How does Cryptocurrency CFDs trading and investing differ?


Many investors confuse cryptocurrency CFDs trading with actual investing in cryptocurrency. Learn the key differences between investing and trading CFDs on crypto, the pluses and minuses of each product and how to trade the latest digital trend. 

Cryptocurrencies appeared on the financial scene back in 2008 with the release of Bitcoin’s ‘white paper’. The ‘peer-to-peer electronic cash’ system welcomed in a new age in an online transaction. Bitcoin secures its transactions via a trustless system that uses blockchain technology. A digital process that verifies, records and approves transactions through complex cryptography.

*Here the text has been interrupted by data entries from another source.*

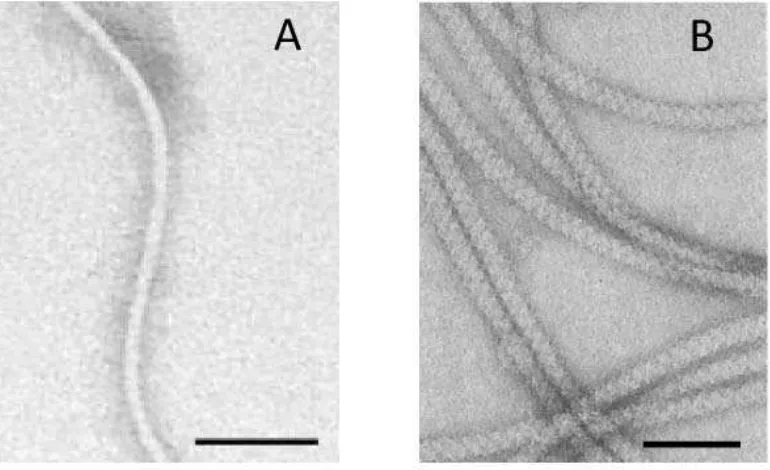 Figura I.12 Microscopía electrónica de transmisión.(Krupski  A) Flagelo simple (Kanbe et al., 2007)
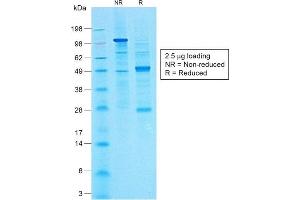 SDS-PAGE Analysis of Purified CA19-9 Rabbit Monoclonal Antibody (CA19. (CA 19-9 Antikörper)
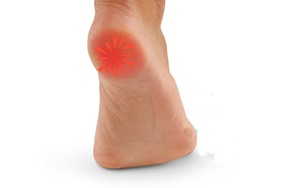 Болі в ступнях і стопах з зовнішньої сторони чому болить зовнішня частина ніг в області стоп збоку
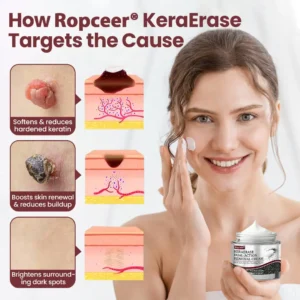 𝐑𝐨𝐩𝐜𝐞𝐞𝐫® KeraErase Dual-Action Renewal Cream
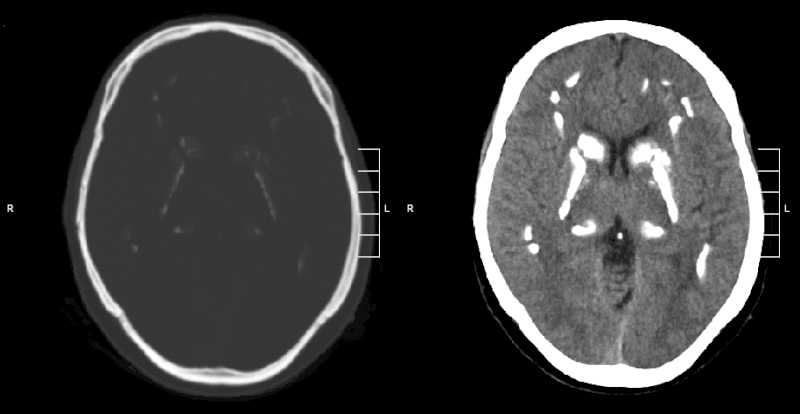 File:Fahr syndrome.gif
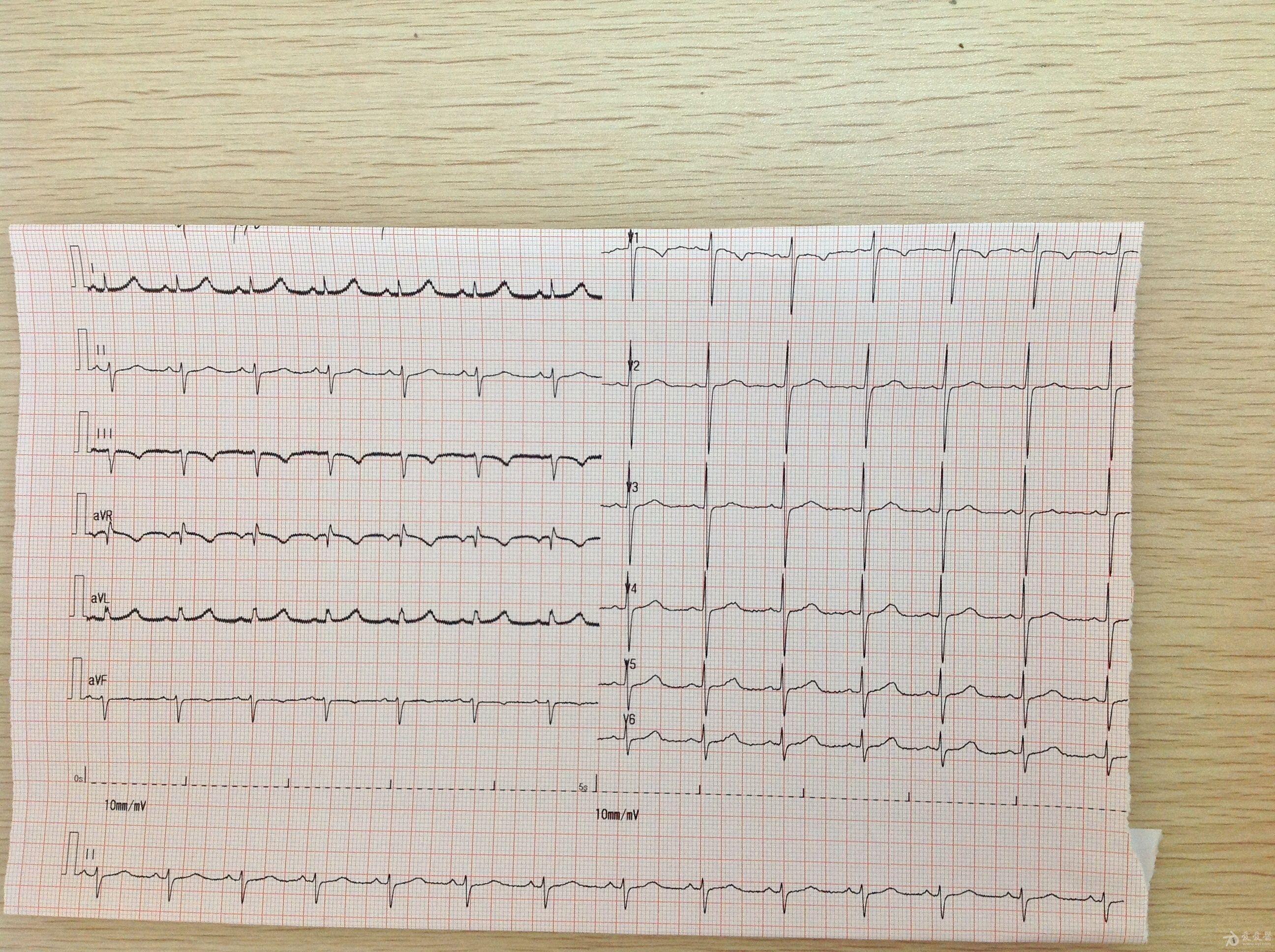心电图轻度t波改变图片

Proving popular, in December 2017 Bitcoin hit a high of $19,000, but it’s not the only cryptocurrency out there. Some of the most prominent are Ethereum, Ripple, and Litecoin. Due to the increasing popularity of cryptocurrencies, more investors and traders are looking into trading or investing in these digital currencies.

Yet, many confuse investing in cryptocurrencies with trading CFDs on cryptocurrencies. To avoid any confusion we have listed the key differences between cryptocurrency CFDs trading and investing in cryptocurrencies.

What are CFDs?

Forex, European Brokers AssociationBefore we look at the key differences between the two concepts, let's get the definition of CFD clarified first. CFD stands for Contract for Difference, it’s a financial instrument. A CFD is a type of derivative trading, wherein one party agrees to pay the other the difference between the value of a security at the start of the contract and its value at the end of the contract.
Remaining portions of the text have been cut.